The story, a spokesperson for Omar has said, was "a fabrication." But the pattern of attacks on the Democrat, who is Muslim and was born in Somalia before coming to the US as a refugee and becoming a citizen, is very real. KFile reported on similar comments Boebert made at an event in Colorado last month. Omar on Sunday told CNN's Jake Tapper on "State of the Union" that she expected Pelosi to "take decisive action" against her Republican colleague this week.
"I think it's important for us to say this kind of language, this kind of hate cannot be condoned by the House of Representatives," Omar said. "We should punish and sanction Boebert by stripping her of her committees, by rebuking her language by doing everything that we can to send a clear and decisive message to the American public that if the Republicans are not going to be adults, and condemn this, that we are going to do that."
If that happens, it will be because Democrats, led by Pelosi, vote to make it so, as they did when they voted to censure and strip Republican Arizona Rep. Paul Gosar of his committee assignments after he posted a photoshopped anime video that appears to show him killing Democratic Rep. Alexandria Ocasio-Cortez of New York. Just two Republicans -- Illinois Rep. Adam Kinzinger and Wyoming Rep. Liz Cheney -- joined Democrats in that vote, while McCarthy refused to explicitly condemn Gosar's behavior and instead threatened retaliation over the "new standard" by a future GOP majority.
McCarthy has similarly signaled he will not take any material steps to rebuke Boebert, who said on Twitter, "I apologize to anyone in the Muslim community I offended with my comment about Rep. Omar. I have reached out to her office to speak with her directly. There are plenty of policy differences to focus on without this unnecessary distraction."
The conversation between Boebert and Omar did not go well. The Democrat said she hung up on Boebert after she "refused to publicly acknowledge her hurtful and dangerous comments" and then "doubled down on her rhetoric."
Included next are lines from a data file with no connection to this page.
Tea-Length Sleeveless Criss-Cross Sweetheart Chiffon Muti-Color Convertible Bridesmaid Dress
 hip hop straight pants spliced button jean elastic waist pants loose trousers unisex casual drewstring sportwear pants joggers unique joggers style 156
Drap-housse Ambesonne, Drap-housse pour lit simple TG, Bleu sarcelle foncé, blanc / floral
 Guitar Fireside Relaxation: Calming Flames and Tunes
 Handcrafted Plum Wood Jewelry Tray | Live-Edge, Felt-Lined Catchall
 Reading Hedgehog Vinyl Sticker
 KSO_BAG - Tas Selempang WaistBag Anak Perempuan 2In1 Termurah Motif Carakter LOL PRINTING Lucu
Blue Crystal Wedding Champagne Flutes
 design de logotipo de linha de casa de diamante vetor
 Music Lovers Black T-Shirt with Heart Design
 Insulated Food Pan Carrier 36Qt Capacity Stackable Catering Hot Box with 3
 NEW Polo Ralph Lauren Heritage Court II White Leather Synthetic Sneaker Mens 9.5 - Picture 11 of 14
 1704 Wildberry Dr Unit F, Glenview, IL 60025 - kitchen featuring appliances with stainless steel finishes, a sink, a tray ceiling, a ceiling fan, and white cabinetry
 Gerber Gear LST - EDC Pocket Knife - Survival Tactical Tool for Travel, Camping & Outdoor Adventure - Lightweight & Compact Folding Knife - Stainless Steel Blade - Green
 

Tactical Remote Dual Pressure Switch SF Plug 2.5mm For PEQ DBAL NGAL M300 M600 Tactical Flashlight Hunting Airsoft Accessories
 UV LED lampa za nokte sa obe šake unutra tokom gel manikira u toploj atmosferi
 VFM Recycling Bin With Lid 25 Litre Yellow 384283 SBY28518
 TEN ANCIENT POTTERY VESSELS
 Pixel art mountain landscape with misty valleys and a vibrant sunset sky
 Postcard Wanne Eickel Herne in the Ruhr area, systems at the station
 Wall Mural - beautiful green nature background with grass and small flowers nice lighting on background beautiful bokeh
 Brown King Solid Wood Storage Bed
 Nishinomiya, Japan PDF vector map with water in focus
Speaking to Tapper, Omar lit into McCarthy, questioning his honesty and willingness to confront members like Boebert, a favorite of the GOP's far right.
"McCarthy is a liar and a coward," Omar said. "He doesn't have the ability to condemn the kind of bigoted Islamophobia and anti-Muslim rhetoric that are being trafficked by a member."
In the Washington Dole leaves behind, GOP leadership's acceptance of this kind of dangerous language is closer to the norm than the "norms" elder statesmen from both parties, including Biden, now pine after. Whether Dole saw it coming or not, he and many others did little stem the tide. That his now famous 2018 salute at the casket of the late former President George H.W. Bush, his political rival for decades, struck such a nerve underscored the complexity of a man who, so unlike Trump in that and other moments, saw fit to support him in two campaigns.
Still, there were grace notes on Sunday for Dole, whose courage and sacrifice with the Army's 10th Mountain Division goes unquestioned, along with praise for his work in Congress to, among other things, champion a bill that shored up Social Security in the early 1980s.
"From bravely serving overseas & in Congress, to his fierce advocacy for our veterans & the creation of the WWII Memorial—Senator Bob Dole was an American hero in every sense of the word," tweeted Democratic Sen. Raphael Warnock of Georgia, who entered politics as the senior pastor of Ebenezer Baptist Church in Atlanta. "May God grant peace to his family & all those across our nation who loved & knew him."